*** Opening of PROVIDED ENTRIES ***

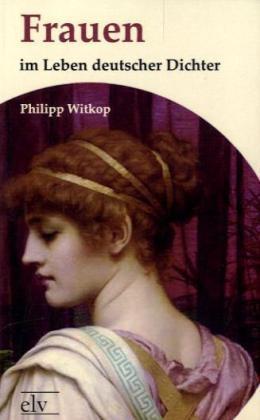 Produktbild Frauen im Leben deutscher Dichter (Deutsch, Philipp Witkop, 2011)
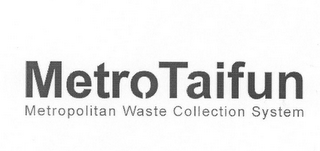 METROTAIFUN METROPOLITAN WASTE COLLECTION SYSTEM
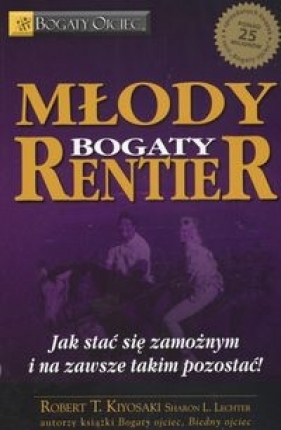 Młody bogaty rentier (Uszkodzona okładka) - Sharon Lechter, Robert Toru Kiyosaki
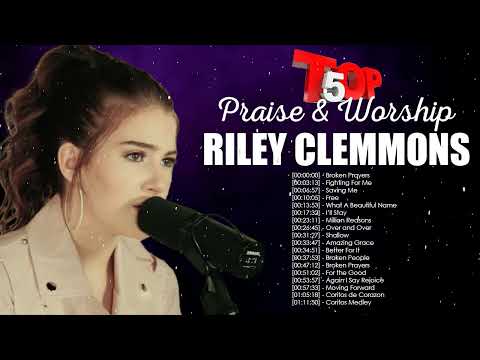 Riley Clemmons - Most Popular Riley Clemmons Songs Of All Time Playlist
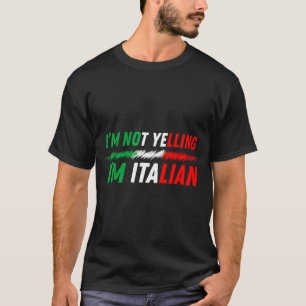 Funny I'm Not Yelling I'm Italian T-Shirt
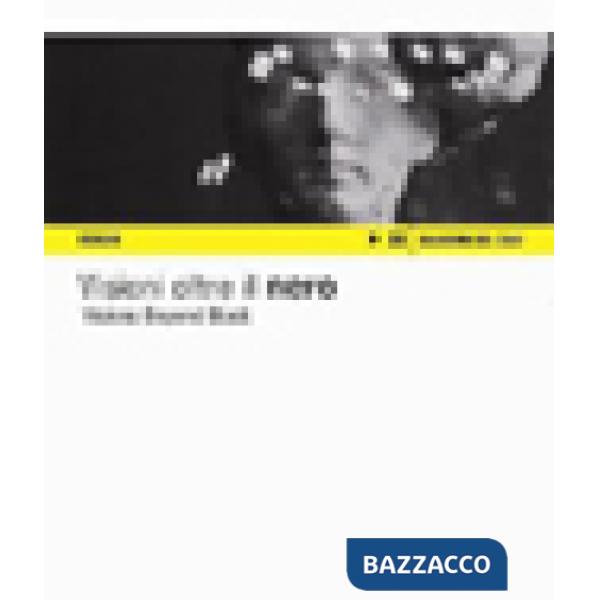 Visioni oltre il nero. Sette fotografi da Reggio Emilia. Ediz. italiana e ingles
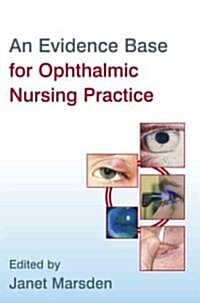 An Evidence Base for Ophthalmic Nursing Practice (Paperback)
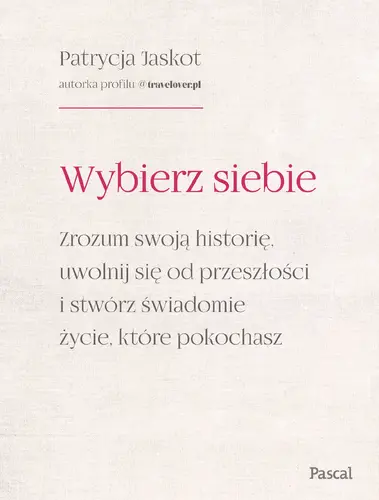 Okładka: Wybierz siebie. Zrozum swoją historię, uwolnij się od przeszłości i stwórz świadomie życie, które pokochasz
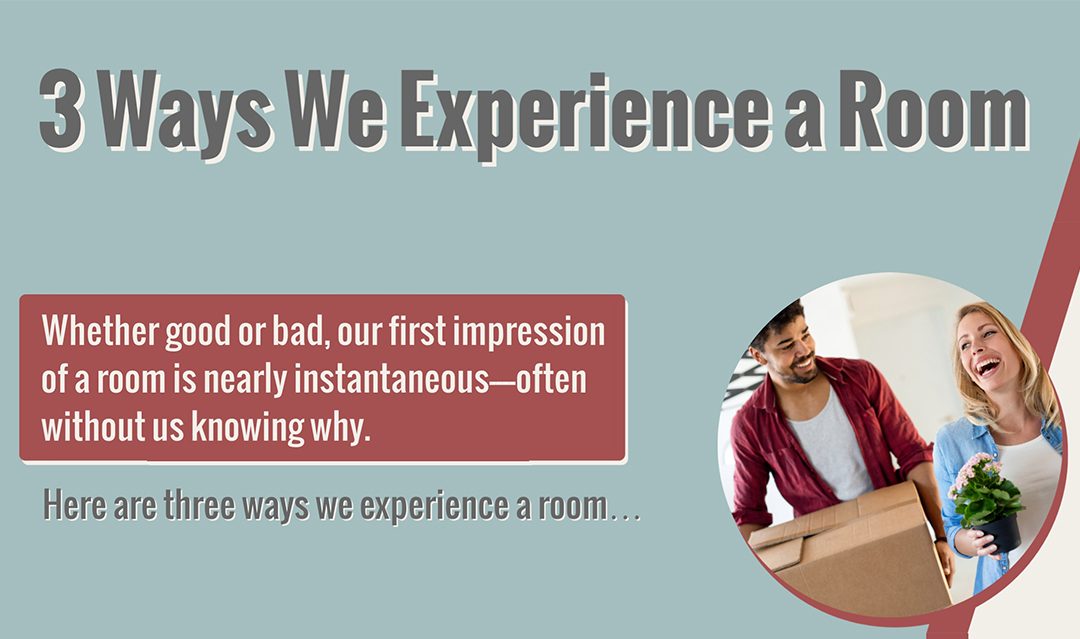 3 Ways We Experience a Room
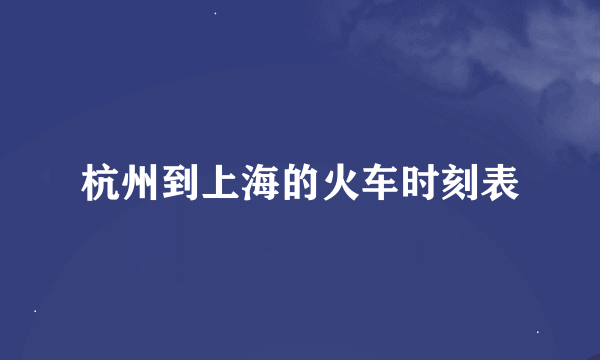 杭州到上海的火车时刻表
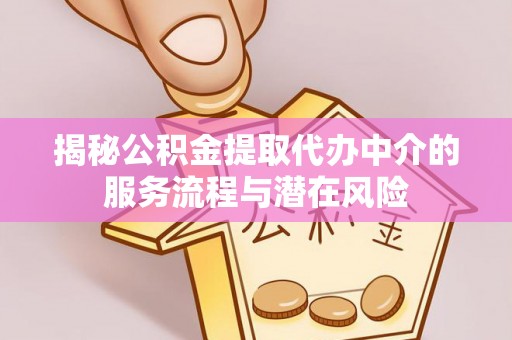 昌邑揭秘公积金提取代办中介的服务流程与潜在风险
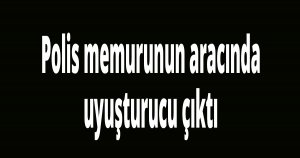 Polis memurunun aracında uyuşturucu çıktı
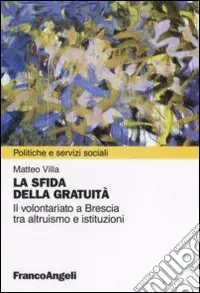 La sfida della gratuità. Il volontariato a Brescia tra altruismo e istituzioni Spedizione Espresso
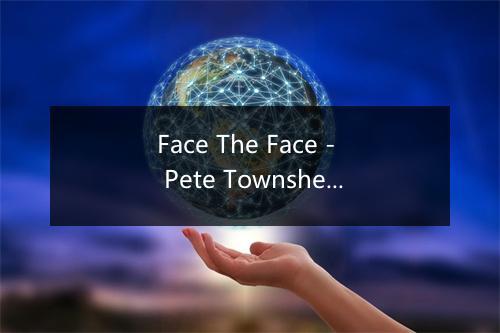 Face The Face - Pete Townshend-歌词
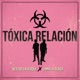 Tóxica Relación Single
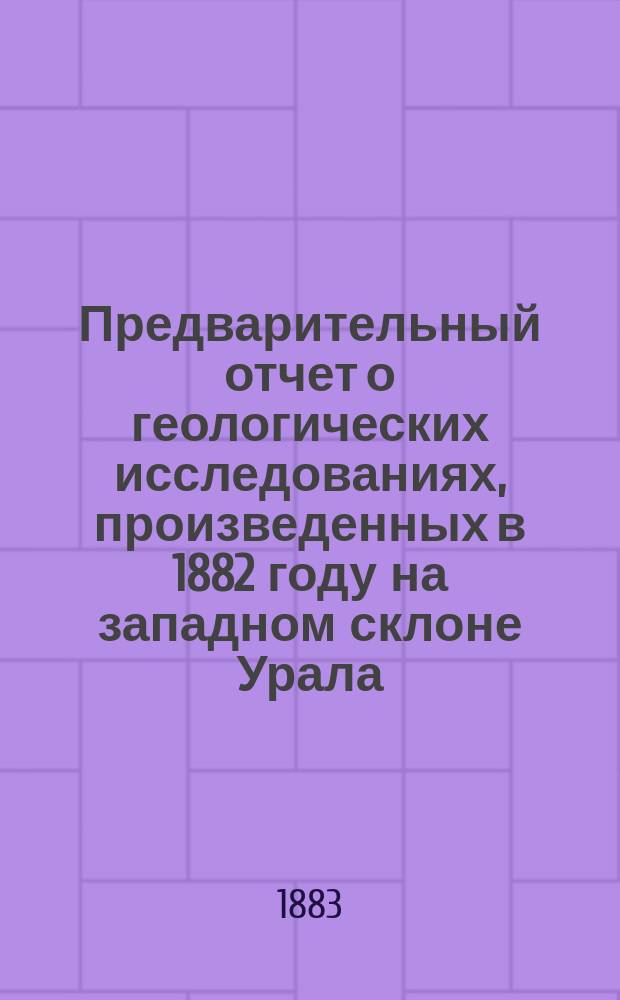 Предварительный отчет о геологических исследованиях, произведенных в 1882 году на западном склоне Урала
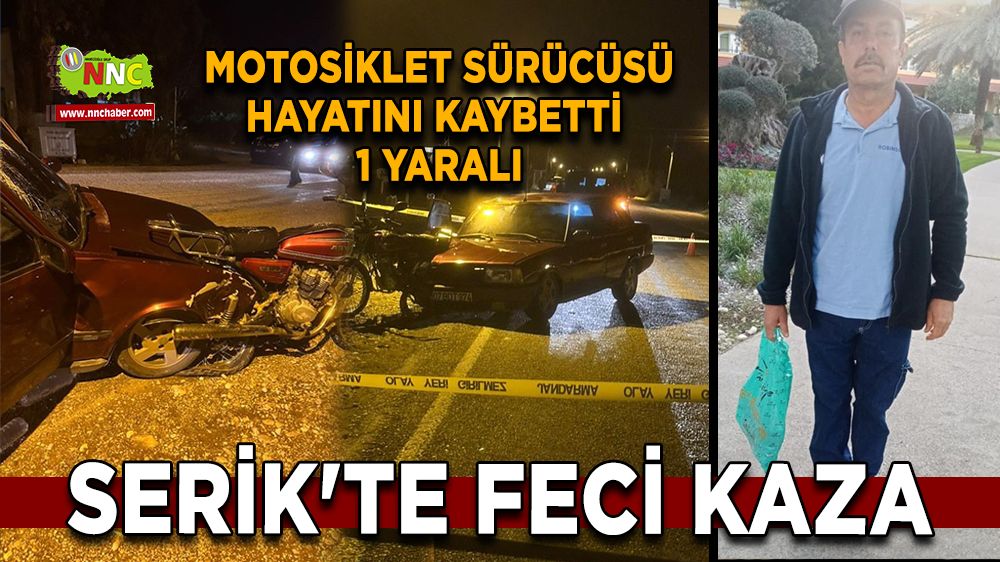 Serik'te feci kaza Motosiklet sürücüsü hayatını kaybetti, 1 yaralı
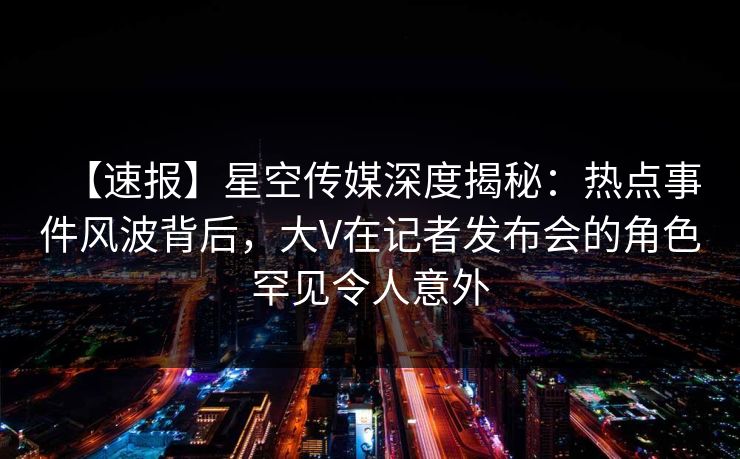 【速报】星空传媒深度揭秘:热点事件风波背后,大V在记者发布会的角色罕见令人意外 【速报】星空传媒深度揭秘:热点事件风波背后,大V在记者发布会的角色罕见令人意外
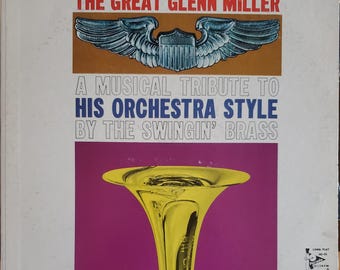 Glenn Miller, The Great Glenn Miller a Musical Tribute to His Orchestra Style by the Swingin' Brass, Vintage Vinyl Record Album, Big Band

*** Close of PROVIDED ENTRIES ***

▶ **WORK INSTRUCTIONS**
Output must match the lines from the start of the records above through the line that contains "Funny I'm Not Yelling I'm Italian T-Shirt", exactly and with every picture removed.

▶ **TASK RESPONSE**
 Produktbild Frauen im Leben deutscher Dichter (Deutsch, Philipp Witkop, 2011)
 METROTAIFUN METROPOLITAN WASTE COLLECTION SYSTEM
 Młody bogaty rentier (Uszkodzona okładka) - Sharon Lechter, Robert Toru Kiyosaki
 Riley Clemmons - Most Popular Riley Clemmons Songs Of All Time Playlist
 Funny I'm Not Yelling I'm Italian T-Shirt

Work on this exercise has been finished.